» Exercise brief
The reply should hold only the lines below beginning at the one with "Antique Style Black" and ending at the one with "Cressi Unisex-Adult Pressure", copied exactly, with every picture left out.

» Exercise data
■ ■ ■ ■ ■

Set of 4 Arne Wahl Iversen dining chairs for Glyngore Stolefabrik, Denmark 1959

■ ■ ■ ■ ■

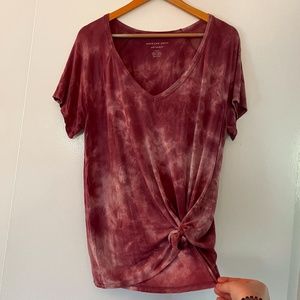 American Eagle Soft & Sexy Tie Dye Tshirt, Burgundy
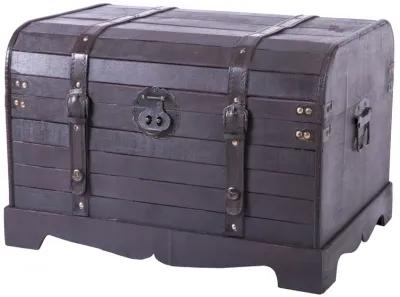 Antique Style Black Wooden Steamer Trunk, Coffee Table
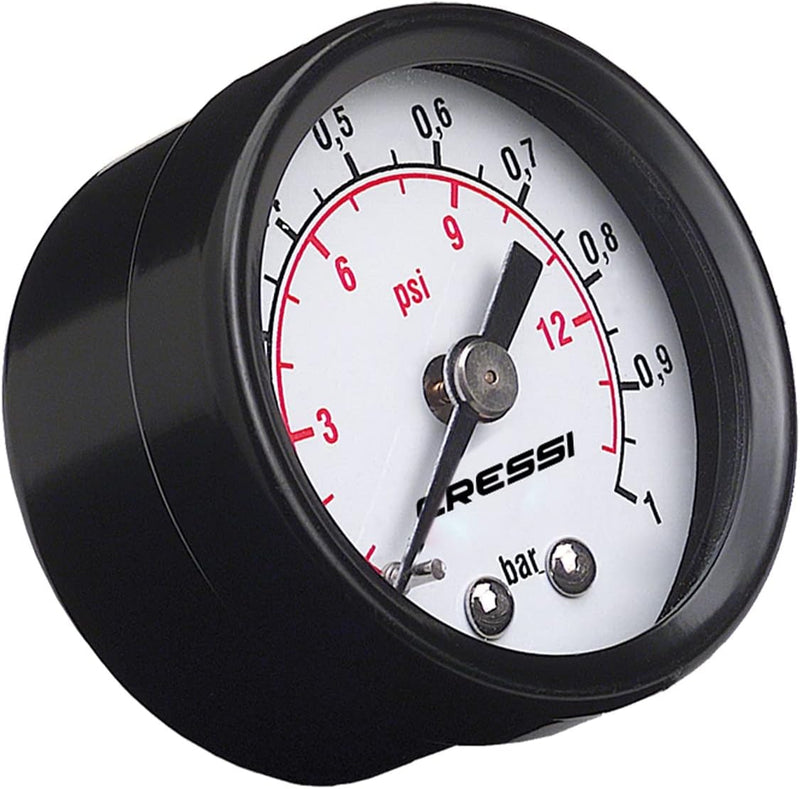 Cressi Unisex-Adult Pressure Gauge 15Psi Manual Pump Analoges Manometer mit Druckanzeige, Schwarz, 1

■ ■ ■ ■ ■

» Answer to this exercise
 Antique Style Black Wooden Steamer Trunk, Coffee Table
 Cressi Unisex-Adult Pressure Gauge 15Psi Manual Pump Analoges Manometer mit Druckanzeige, Schwarz, 1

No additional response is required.